● YOUR OBJECTIVE
The output must match the lines from the first line of the listing below through the line holding "Superhéroes animan a" exactly and must contain no pictures.

● ENTRIES SHOWN
# # #
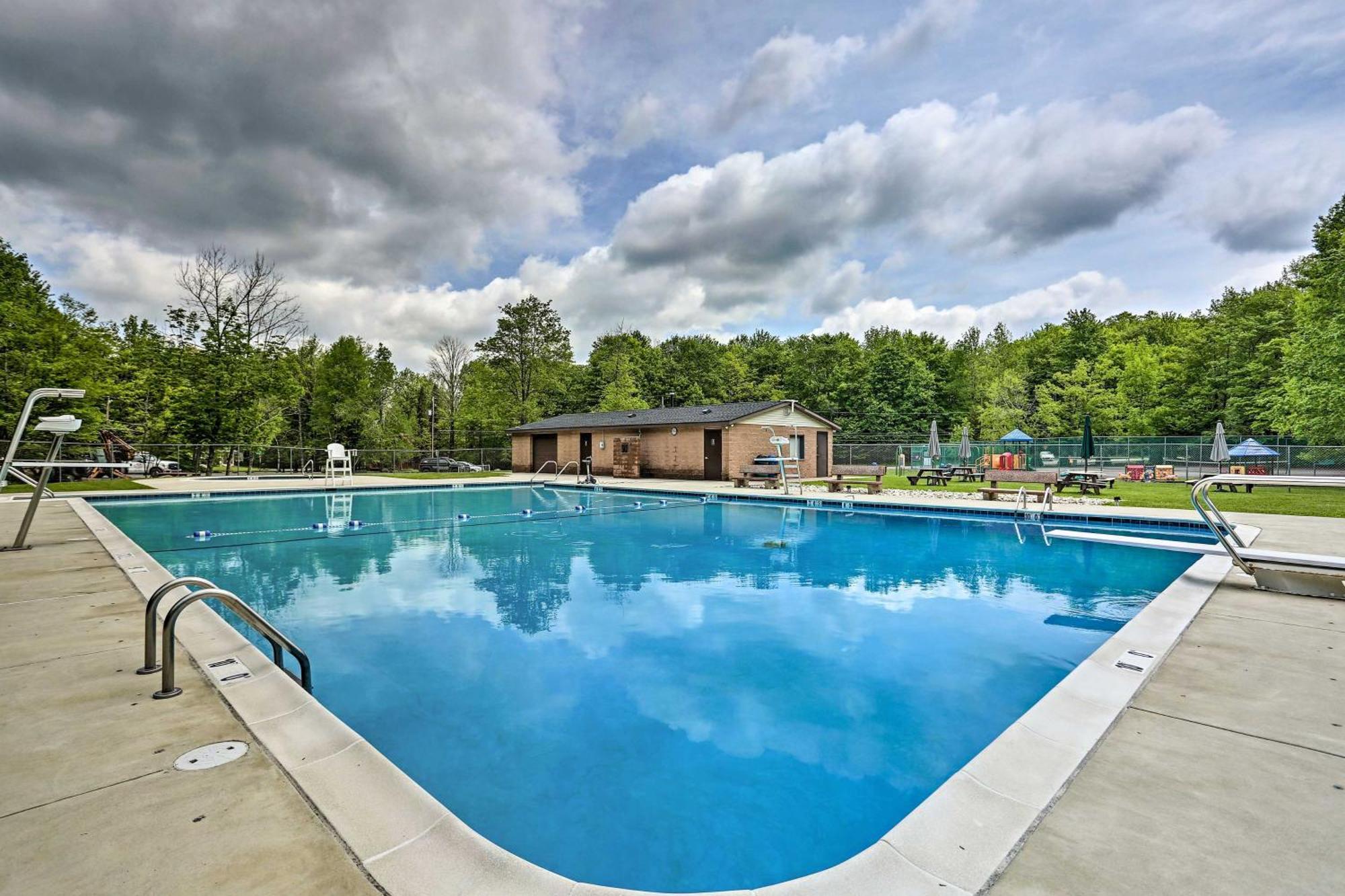 Arrowhead Retreat With Private Indoor Pool! Holiday home *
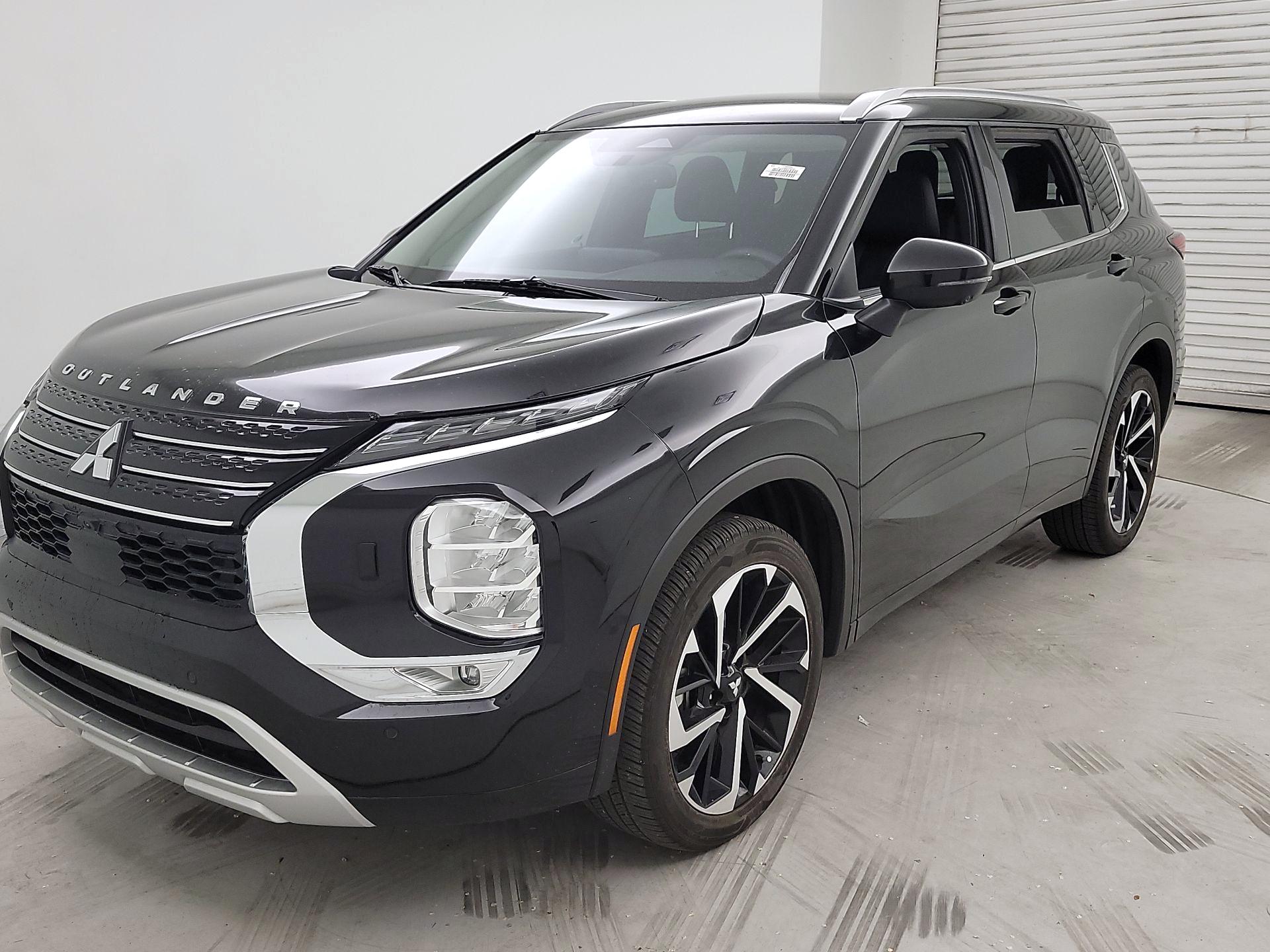 Thumbnail: 2022 Mitsubishi Outlander - 3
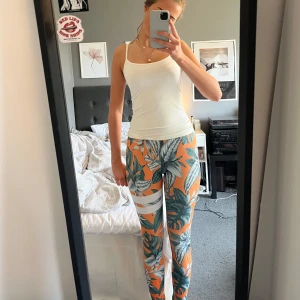 Stronger tights - Snygga orange tights med blommigt mönster. Perfekta om du går på gymnastik! Färgen ser lite urtvättad ut när jag har på mig de men det är bara för dom sitter ganska tight, den riktiga färgen kan du se på bild 2. Väldigt fint skick!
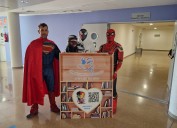 Superhéroes animan a niños hospitalizados en el Clínico San Cecilio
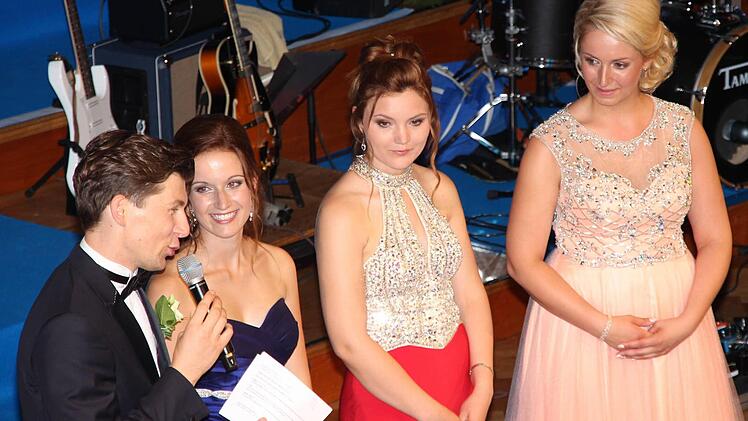 Moderator Marten Krebs (links) stellte den jungen Damen, die Rosenkönigin werden wollten, Fragen. Unser Fot zeigt (weiter von links) Vera Hauck, Luisa Hurrlein und Marie Elaine Kramer. Foto: Dieter Britz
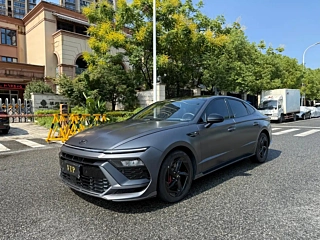 Заказать HYUNDAI SONATA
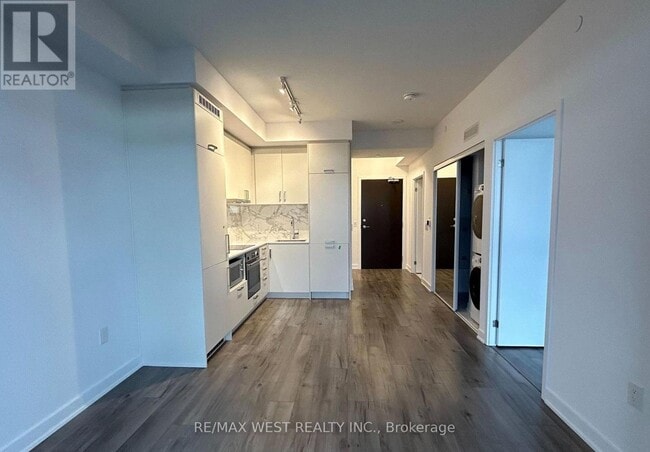 Photo du bâtiment - 60 Honeycrisp Cres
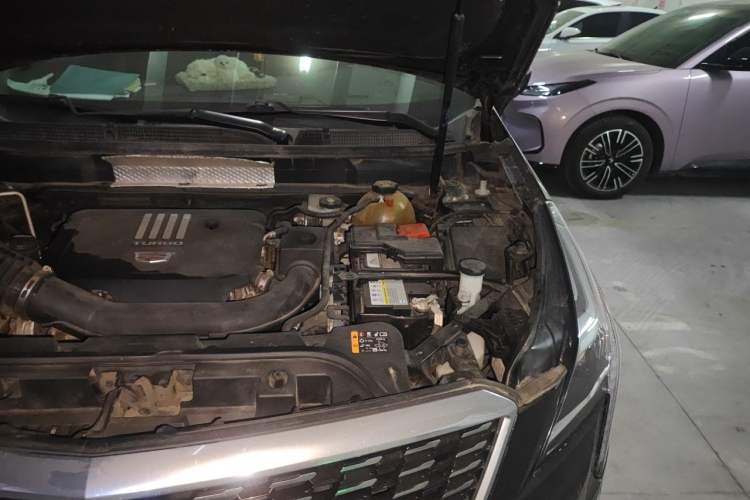 Used Cadillac XT5 2021 28T Luxury Model Engine Bay Left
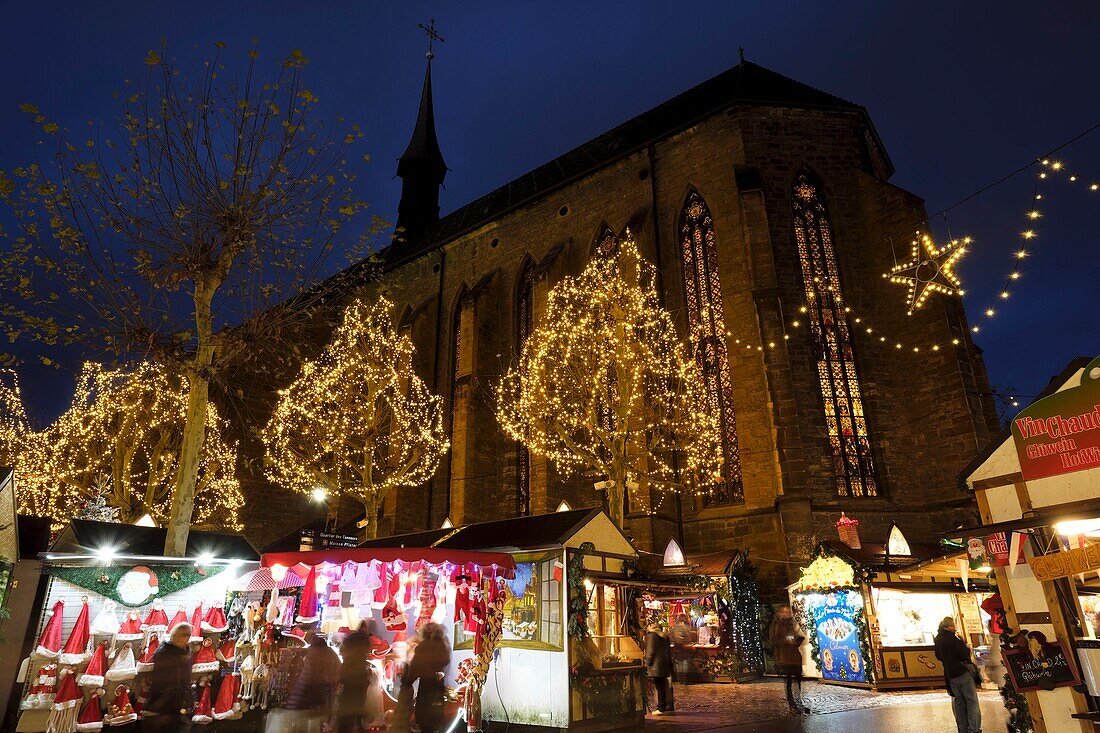 Frankreich, Haut Rhin, Colmar, Place des Dominicains, Dominicains Kirche aus dem 14. Jahrhundert, Weihnachtsmarkt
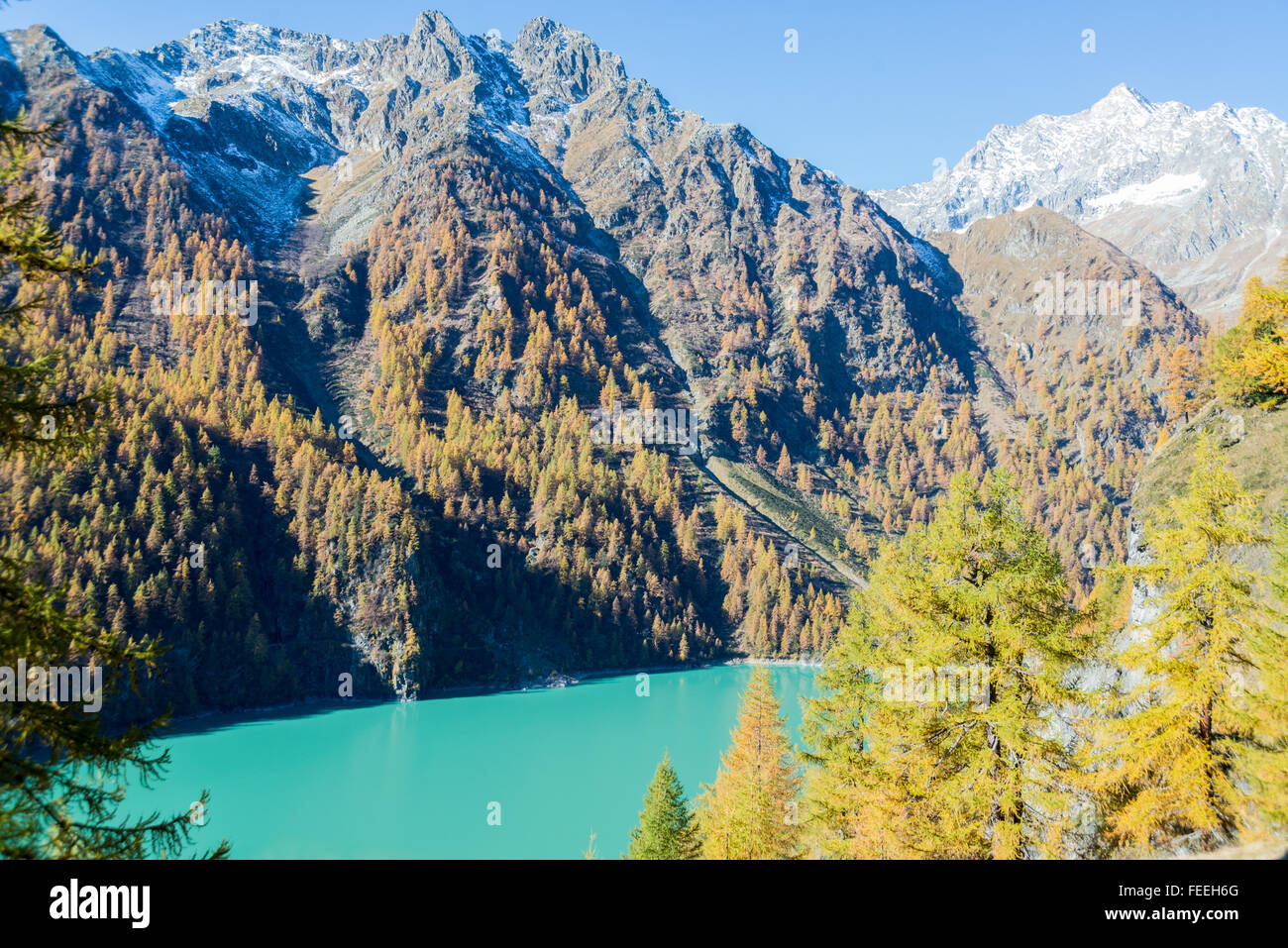 Camminare alto oltre il Lago di Cheggio in Valle Antrona, Piemonte (Italia) con splendida vista sulle Alpi italiane e svizzere Foto Stock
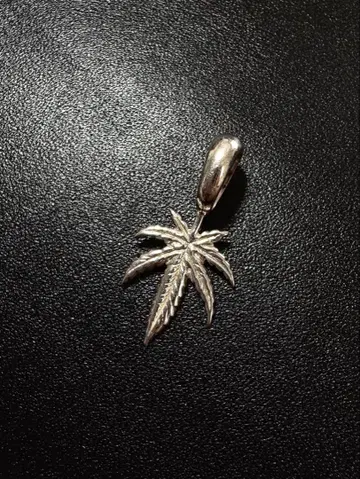 SAAD 헴프 모티브 펜던트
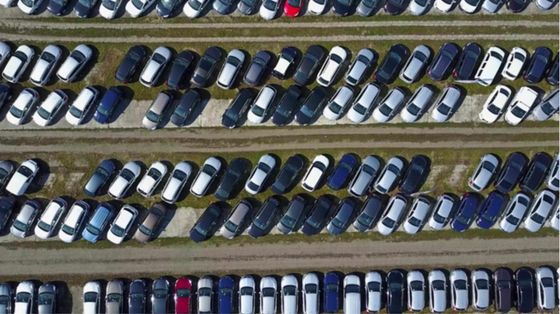 Che disastro l'Europa sull'auto: ora decide di non decidere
# # #
● ANSWER BELOW
 Arrowhead Retreat With Private Indoor Pool! Holiday home *
 Thumbnail: 2022 Mitsubishi Outlander - 3
 Stronger tights - Snygga orange tights med blommigt mönster. Perfekta om du går på gymnastik! Färgen ser lite urtvättad ut när jag har på mig de men det är bara för dom sitter ganska tight, den riktiga färgen kan du se på bild 2. Väldigt fint skick!
 Superhéroes animan a niños hospitalizados en el Clínico San Cecilio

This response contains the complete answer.